(Records provided begins)

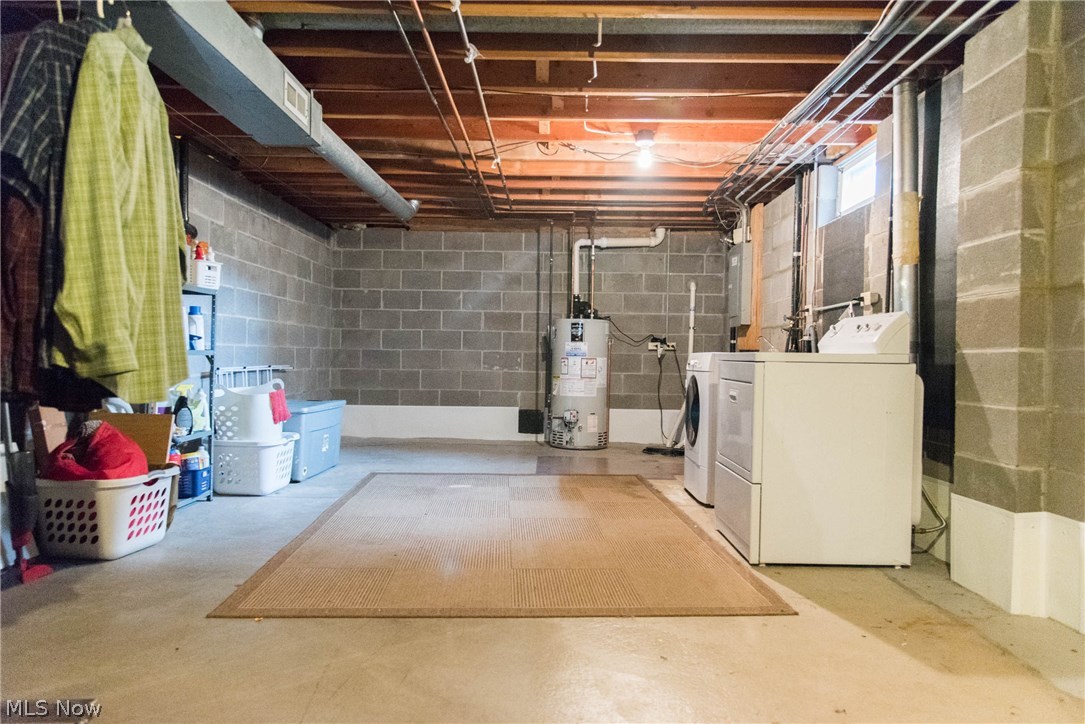 7900 Bellflower Road Mentor, OH 44060 - Photo 19 of 29 Gallery Image 19
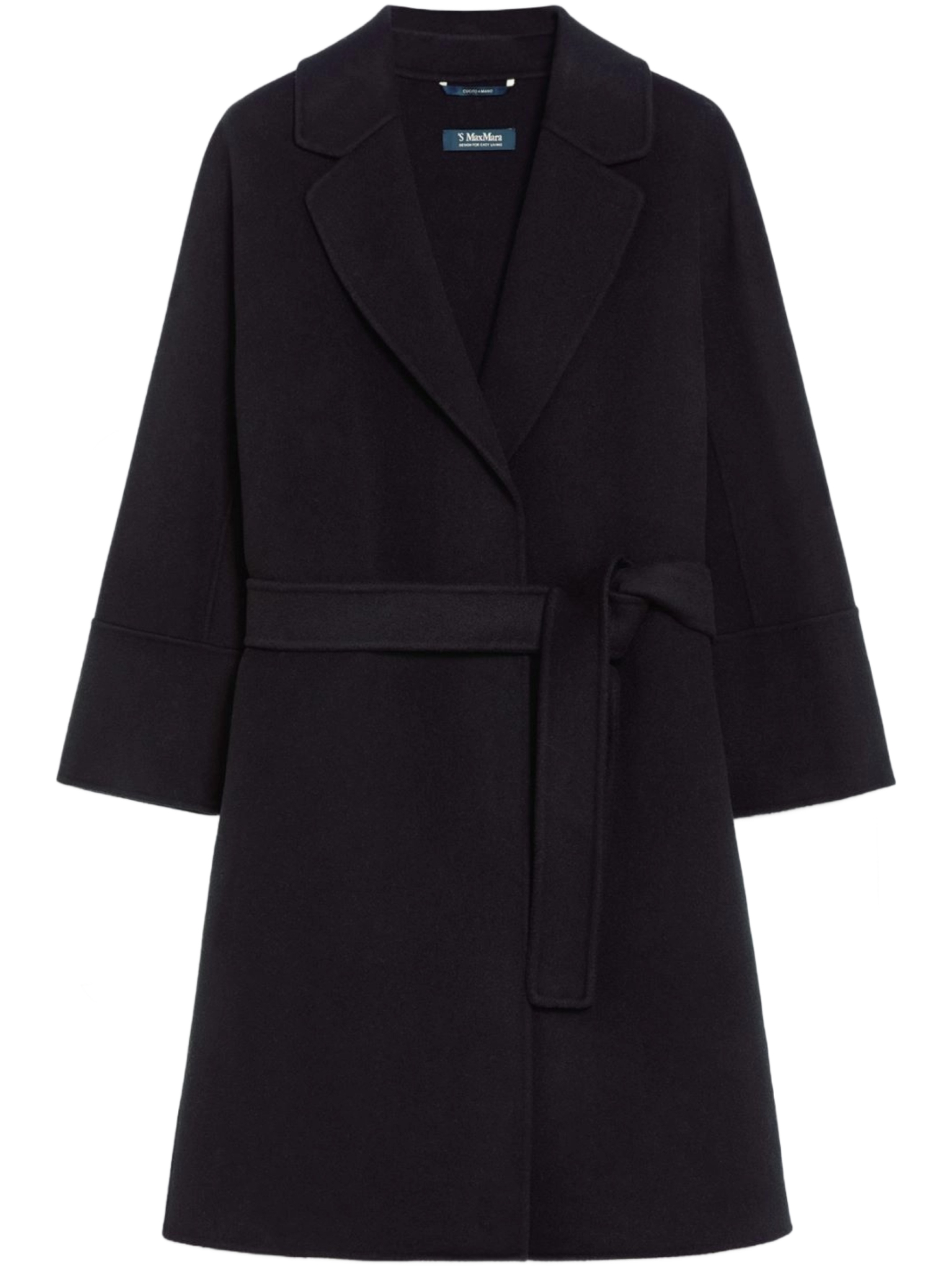 [MAX MARA `S] Coat FW26 2629016091600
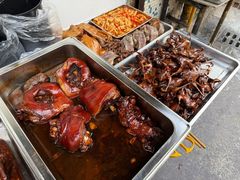 -姐妹面馆(水澄路店)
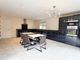 Thumbnail Detached house for sale in Campion Close, Ashford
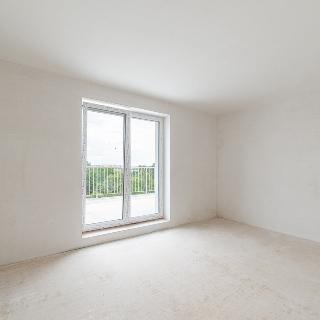 Prodej bytu 1+kk a garsoniéry 31 m² Praha, Pasecká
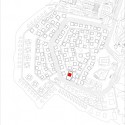 261671620_ebv-ordos100-situation 261671620_ebv-ordos100-situation situation plan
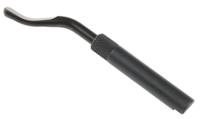 541-090 RS PRO Deburring Blade, HSS Blade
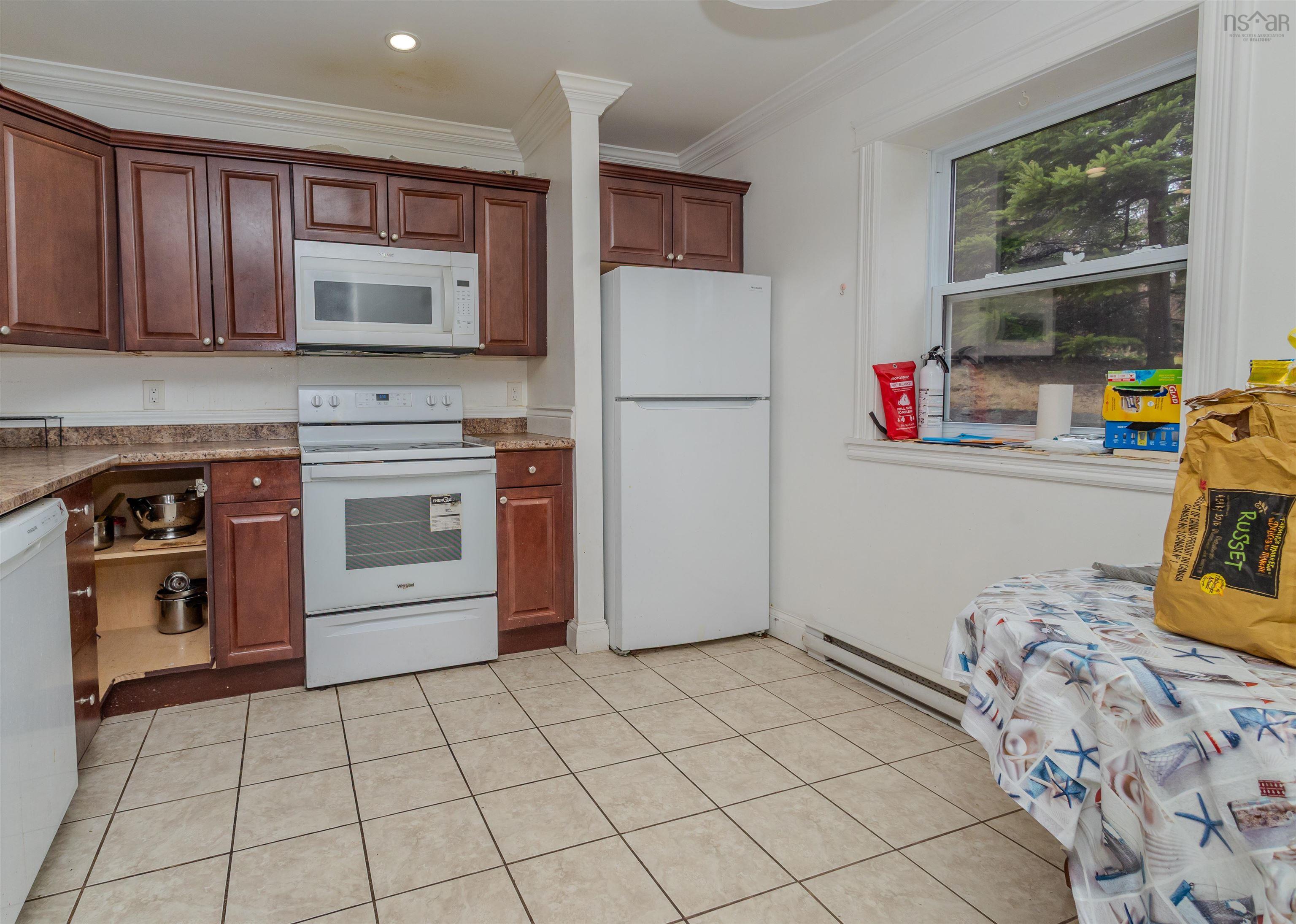 $465,000.00: 24-26 Weidner Drive, Sydney River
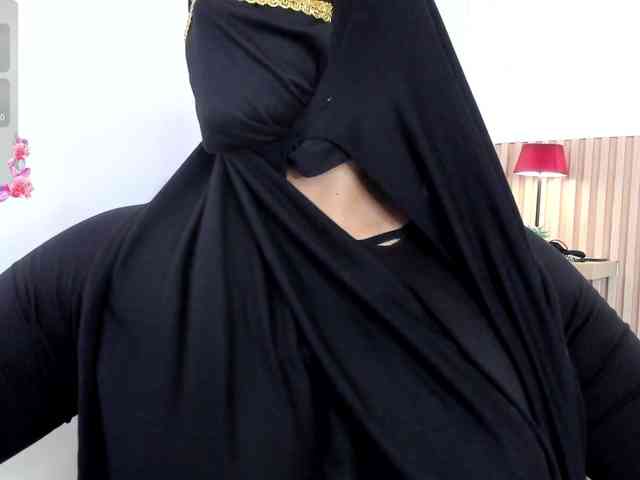 zully-arabb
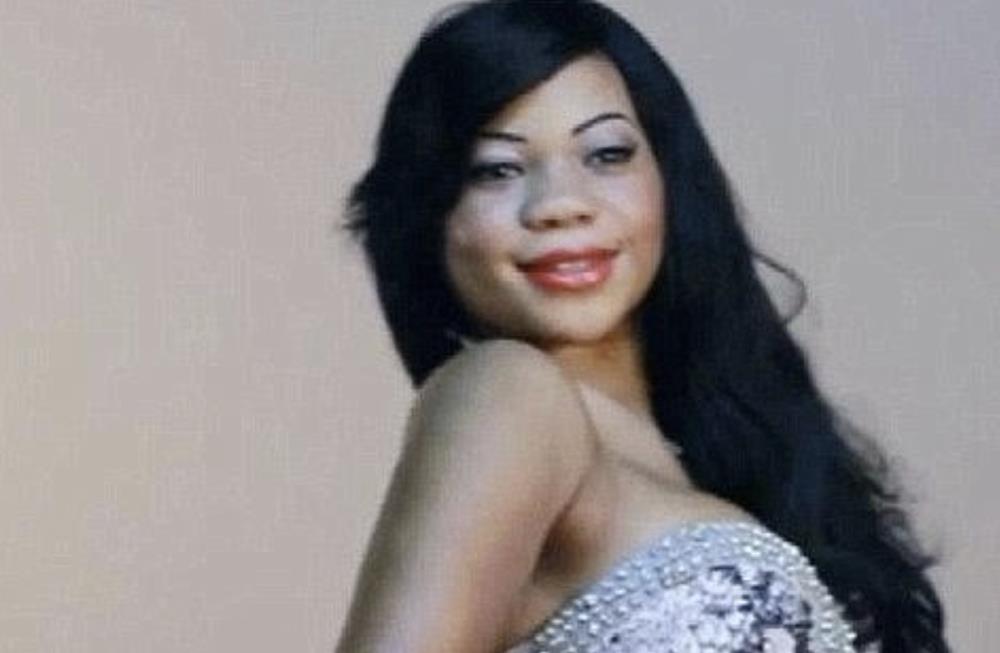 Wyłudziła ponad 200 tys. funtów z zasiłków - sąd skazał ją na cztery lata więzienia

(Records provided ends)

▶ **Directions**: Omit the pictures. Transcribe word for word the lines from the one containing "Coat FW26 2629016091600" through the end of the listing, inclusive.

▶ **Reply to the task**:
 [MAX MARA `S] Coat FW26 2629016091600
 -姐妹面馆(水澄路店)
 Thumbnail Detached house for sale in Campion Close, Ashford
 Prodej bytu 1+kk a garsoniéry 31 m² Praha, Pasecká
 261671620_ebv-ordos100-situation 261671620_ebv-ordos100-situation situation plan
 541-090 RS PRO Deburring Blade, HSS Blade
 $465,000.00: 24-26 Weidner Drive, Sydney River
 zully-arabb
 Wyłudziła ponad 200 tys. funtów z zasiłków - sąd skazał ją na cztery lata więzienia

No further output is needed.